[v4] http-backend: allow empty CONTENT_LENGTH
diff mbox series

Message ID 20180909041016.23980-1-max@max630.net
State New
Headers show
Series
  • [v4] http-backend: allow empty CONTENT_LENGTH
Related show

Commit Message

Max Kirillov Sept. 9, 2018, 4:10 a.m. UTC
Before 817f7dc223, CONTENT_LENGTH variable was never considered,
http-backend was just reading request body from standard input until EOF
when it, or a command started by it, needed it.

Then it was discovered that some HTTP do not close standard input, instead
expecting CGI scripts to obey CONTENT_LENGTH. In 817f7dc223, behavior
was changed to consider the CONTENT_LENGTH variable when it is set. Case
of unset CONTENT_LENGTH was kept to mean "read until EOF" which is not
compliant to the RFC3875 (which treats it as empty body), but
practically is used when client uses chunked encoding to submit big
request.

Case of empty CONTENT_LENGTH has slept through this conditions.
Apparently, it is used for GET requests, and RFC3875 does specify that
it also means empty body. Current implementation, however, fails to
parse it and aborts the request.

Fix the case of empty CONTENT_LENGTH to be treated as zero-length body
is expected, as specified by RFC3875. It does not actually matter what
does it mean because body is never read anyway, it just should not cause
parse error. Add a test for the case.

Reported-By: Jelmer Vernooń≥ <jelmer@jelmer.uk>
Authored-by: Jeff King <peff@peff.net>
Signed-off-by: Max Kirillov <max@max630.net>
---
The fix suggested by Jeff. I supposed there should be "signed-off"
The tests pass as well
 http-backend.c                         | 24 ++++++++++++++++++++++--
 t/t5562-http-backend-content-length.sh | 11 +++++++++++
 2 files changed, 33 insertions(+), 2 deletions(-)

Comments

Jonathan Nieder Sept. 10, 2018, 5:25 a.m. UTC | #1
Max Kirillov wrote:

> Reported-By: Jelmer Vernooń≥ <jelmer@jelmer.uk>
> Authored-by: Jeff King <peff@peff.net>
> Signed-off-by: Max Kirillov <max@max630.net>

Nit: for this kind of case of forwarding someone else's patch, we put
a From field at the beginning of the body of the message.  "git
format-patch" can produce a message with that format if you commit
with 'git commit --author="Someone Else <person@example.com>"' and run
format-patch with --from="My Name <me@example.com>".  More details are
in the DISCUSSION section of git-format-patch(1).

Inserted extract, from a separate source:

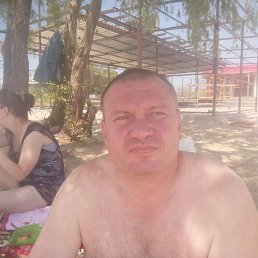 ������, 43 ����, ������-��-����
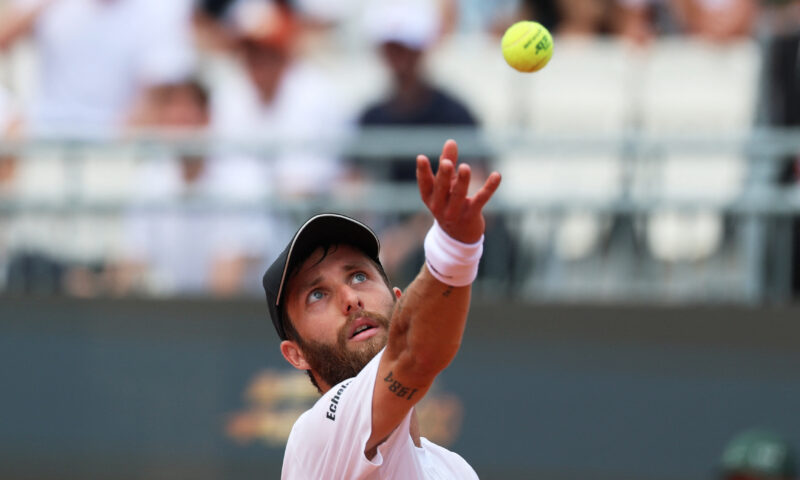 Corentin Moutet vs. Vit Kopriva prediction: French Open odds, picks, prediction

As with v3, since v2 is already in "next" this should go incremental.

[...]
> --- a/http-backend.c
> +++ b/http-backend.c
> @@ -353,8 +353,28 @@ static ssize_t get_content_length(void)
>  	ssize_t val = -1;
>  	const char *str = getenv("CONTENT_LENGTH");
>  
> -	if (str && !git_parse_ssize_t(str, &val))
> -		die("failed to parse CONTENT_LENGTH: %s", str);
> +	if (!str) {
> +		/*
> +		 * RFC3875 says this must mean "no body", but in practice we
> +		 * receive chunked encodings with no CONTENT_LENGTH. Tell the
> +		 * caller to read until EOF.
> +		 */
> +		val = -1;
> +	} else if (!*str) {
> +		/*
> +		 * An empty length should be treated as "no body" according to
> +		 * RFC3875, and this seems to hold in practice.
> +		 */
> +		val = 0;

Are there example callers that this version fixes?  Where can I read
more, or what can I run to experience it?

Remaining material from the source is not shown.